On the other hand, critics of Western foreign policy are sincerely concerned that a desperate fixation on salvaging the agreement might lead the United States, Britain, France, and Germany to offer new concessions in hopes of Iran reciprocating after the fact. Although the four Western signatories have attempted to strike an assertive tone, noting at times that “all options are on the table” should diplomacy fail, there is ample reason to suspect they will back down from that assertiveness.

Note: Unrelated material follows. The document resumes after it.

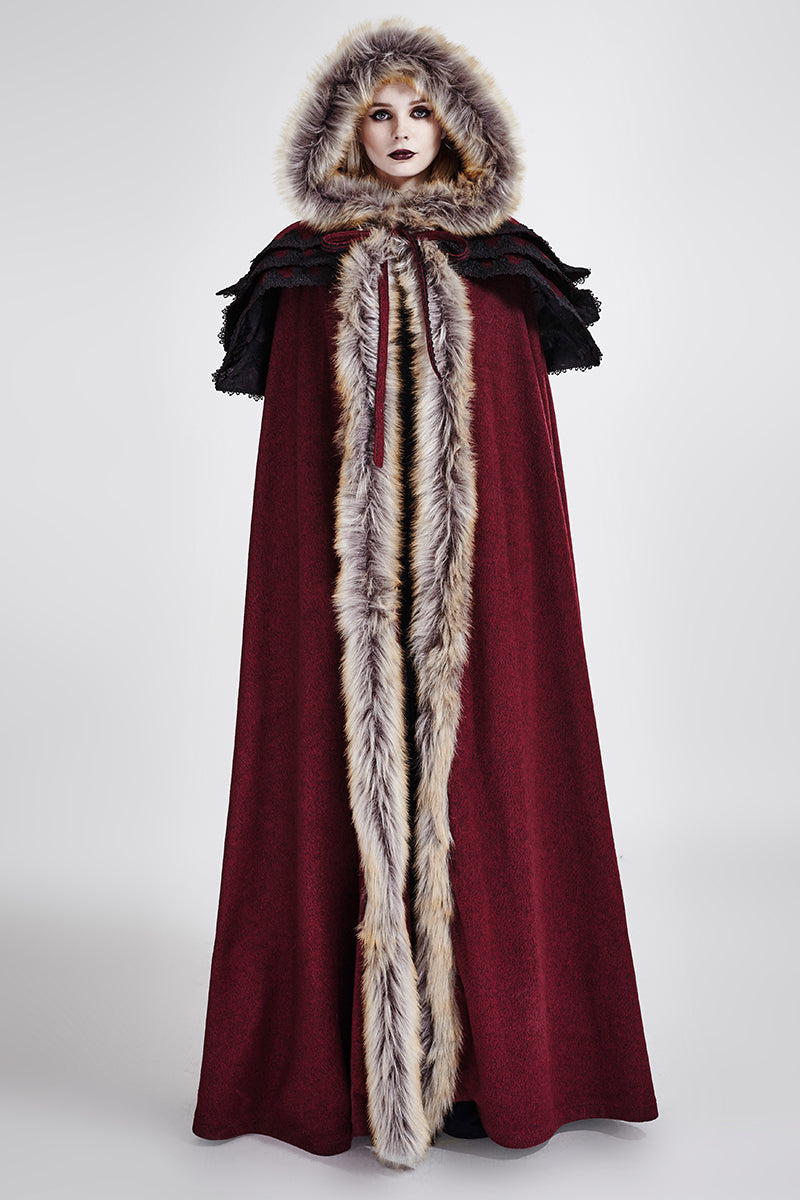 Y-673 Long Cloak Gothic Trench Coats With Excellent Wool Collar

Conciliation has largely defined their approach to the issue since the beginning, and Iranian opposition movement, most notably the National Council of Resistance of Iran (NCRI) has correctly described the West approach toward Tehran as “appeasement.”
NCRI’s President-elect Maryam Rajavi reiterated in her a New Year’s address that, “Freeing the Middle East and the world from the dangers of the Iranian regime’s nuclear programme, its abject ignorance and regressive policies, its crimes, and the thuggery of its proxies, will come by supporting the rights of the Iranian people to rise and resist, and not by appeasement.”
In the mid 1980s there was a major debate about the effectiveness of sanctions against the apartheid regime in South Africa. The first public speech I ever made was in my student union opposing apartheid.
Despite opposition at the time, thanks to the steadfastness of figures like Desmond Tutu sanctions were imposed and they achieved their objective.
There is no reason to believe that the situation would be any different with Iran. Indeed, in 2010, Archbishop Tutu actually issued a statement of support for the Iranian Resistance. So it isn’t stretching credibility to suggest that Tutu himself believed that transformative change was possible in Iran. In part, his statement was motivated by the nationwide protests during the previous year. And since the end of 2017, there have been two nationwide uprisings in Iran, plus countless other popular protests that have kept the message of regime change to the fore.
Since June when Raisi was appointed president there have been further spikes in protests. His appointment seemed like a contemptuous reward for prior human rights abuses, including leading roles in the massacre of 30,000 political prisoners in 1988, some 90 percent of whom were pro-democracy activists of the opposition, the People’s Mojahedin Organisation of Iran (MEK), and the systematic torture of thousands more in 2019.
Without hesitation a regime capable of such atrocities should easily be recognised as something just as vile and just as deserving of comprehensive international pressure as South Africa’s apartheid system. Yet, in recent years, the international community has been dragging its feet even more than it did in the 1980s when Archbishop Tutu helped to prove that sanctions can truly change the world.
This excessive Western wariness must come to an end. There was no justification for it during the apartheid era and there is no justification for it now. When it is absolutely clear that there is a right and a wrong course of action, there is no place for ambiguity. All good people must act in defence of freedom and human dignity, and have faith that no evil system can endure for long when the world has unity of purpose.